Despite only forming in early 2020, Yard Act have already gained a loyal following through with their tongue-in-cheek and sometimes scathing observations on today’s society. Now, they’re set to release debut album ‘The Overload’ with frontman James Smith saying: ‘I just hope it makes people laugh at the peculiarities of human nature. The world feels very heavy at the moment; it has done for a while, and when bad things happen, the weight of the world makes you panic, you want to change everything like flipping a switch. But that’s not how it works. All you can do is plant seeds. I don’t think good and bad really exists, and I don’t think you can change people’s minds any other way. So that’s what I hope, but I also just hope people can just enjoy it. And I hope it lasts. I hope people like the detail – I think we can learn a lot about each other through an observational smirk.’
Opening with the title track’s fusion of angular guitars and recollections of children ‘sucking each other off’ and indulging in ‘designer bongs’, you instantly understand the kind of place James is painting a picture of – it’s modern life and some of it may well be rubbish. He also regales some of the advice bands get from well-meaning landlords in working men’s clubs: ‘Don’t get political’. The dark humour continues throughout the album, but especially so on ‘Dead Horse’ as James laments a country ‘full of cunts’ and asks ‘What becomes of the inhabitants of this once unstoppable isle when all of it’s exports are no longer in style?’ He answers his own question by imagining ‘All that’s left is knobheads morris dancing to Sham 69’. This then moves onto criticism of the lack of respect and support given to the nation’s last great hope – good music. Long-time Spectral Nights fave Ryan Needham’s woozy bass line drives ‘Rich’ forward as James takes on the mantle of someone who fell into money and decided to take tips from our government on how this means you should act: ‘Almost by accident, I have become rich’; ‘I fucking love being rich’; ‘It appears I have no shame’; ‘I’ve done some terrible things because I’m rich’.

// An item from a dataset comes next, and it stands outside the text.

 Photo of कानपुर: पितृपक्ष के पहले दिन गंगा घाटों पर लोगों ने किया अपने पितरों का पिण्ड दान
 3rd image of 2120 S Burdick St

‘The Incident’ also finds James taking on a character – one of the features of this album – who may well be a hedge fund manager. He’s full of praise for himself for everything he’s done and how he’ll do anything to stay relevant – but never at his own expense. ‘Witness (Can I Get a?)’ moves into more of a Buzzcocks sound with melodic hooks and rhetorical questions, while ‘Quarantine the Sticks’ continues in this fuzz-laden direction with hints of The Fall or Art Brut: ‘Do you really think I’d give away all my tricks because you clicked your fingers twice?’ While most of the songs on the album are between two and three minutes long, ‘Tall Poppies’ clocks in at over six minutes and finds James recalling the most popular boy in his school – the one who was a hit with all the girls and the best at football, getting a trial at Crewe Alexandra – and his life: ‘He could smoke 10 a day and still run faster than that whippet that could lap the race track rabbit’. He talks about how he never left the village, despite all these opportunities, and instead settled for life as an estate agent as gentrification took hold. He then heartbreakingly reveals how his life crumbled apart after putting his mum in a phone and being made redundant twice with repeated warnings of ‘Get yourself checked’ and a wistful ‘He wasn’t perfect but he was my friend. He was one of us’.

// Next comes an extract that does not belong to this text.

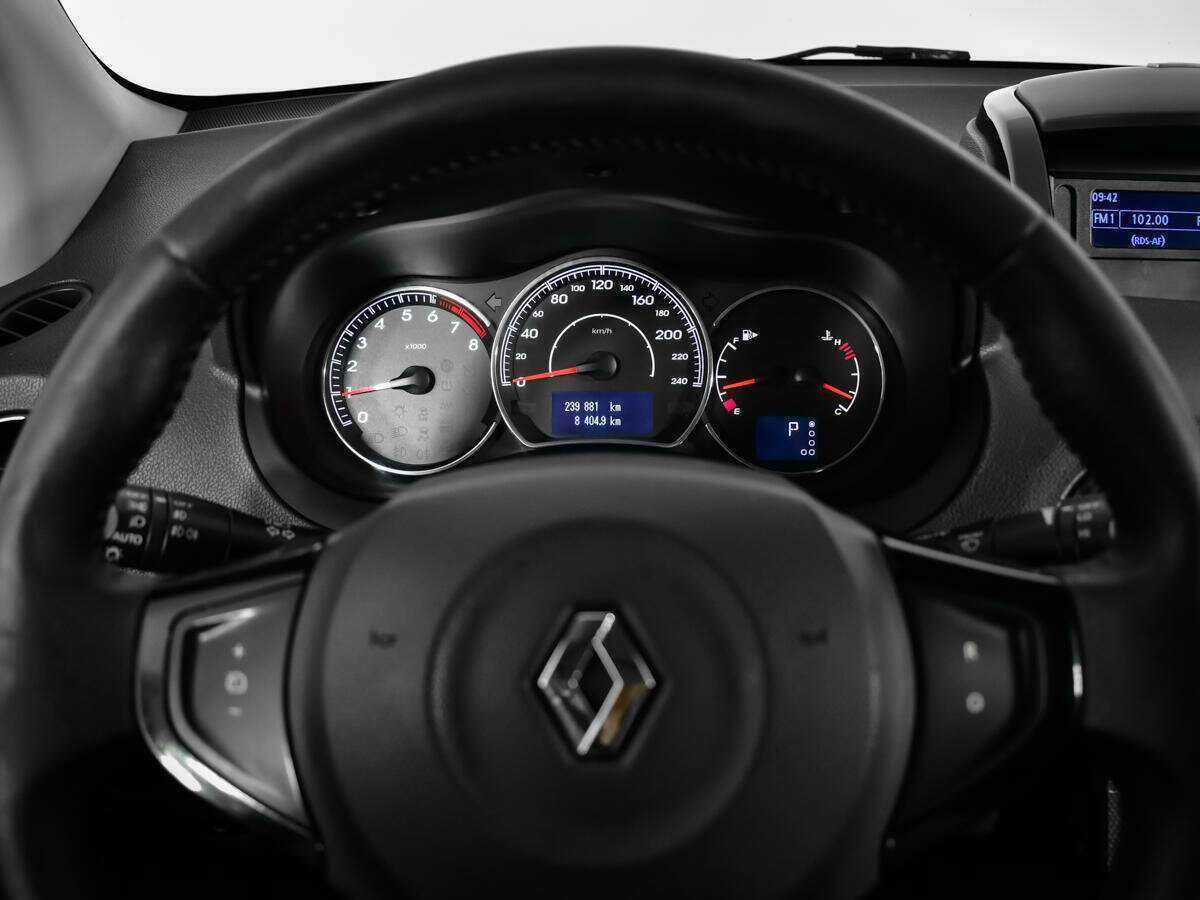 Б/У Рено Колеос 2014 года. Фото: #10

While the penultimate ‘Pour Another’ heads into a new wave-meets-post punk direction with talk of how bleakness blights everything, the final ‘100% Endurance’ continues with the humorous yet emotional approach. Starting with wondering exactly what happened – ‘Who’s sofa is this? Where are my shoes? What did I do last night? I can’t remember leaving Nathan’s house. Oh yeah, how could I forget when my pants were soaking wet when we’d been pissing ourselves laughing at the news’ – it then goes on to ponder the point of mortality and why we’re all here. However, James soon shakes this off and realises that when we go, there’s opportunities for others: ‘Death is coming for us all but not today. Today, give it all of what you’ve got’; ‘It’s all so pointless and when you’re gone, it makes me stronger knowing that this will all carry on with someone else, something new. It’s not like it’s gonna be nothing, is it?’
Yard Act’s debut album is one that is huge on laughs but also emotions, with so many wry observations succinctly summing up where we are today.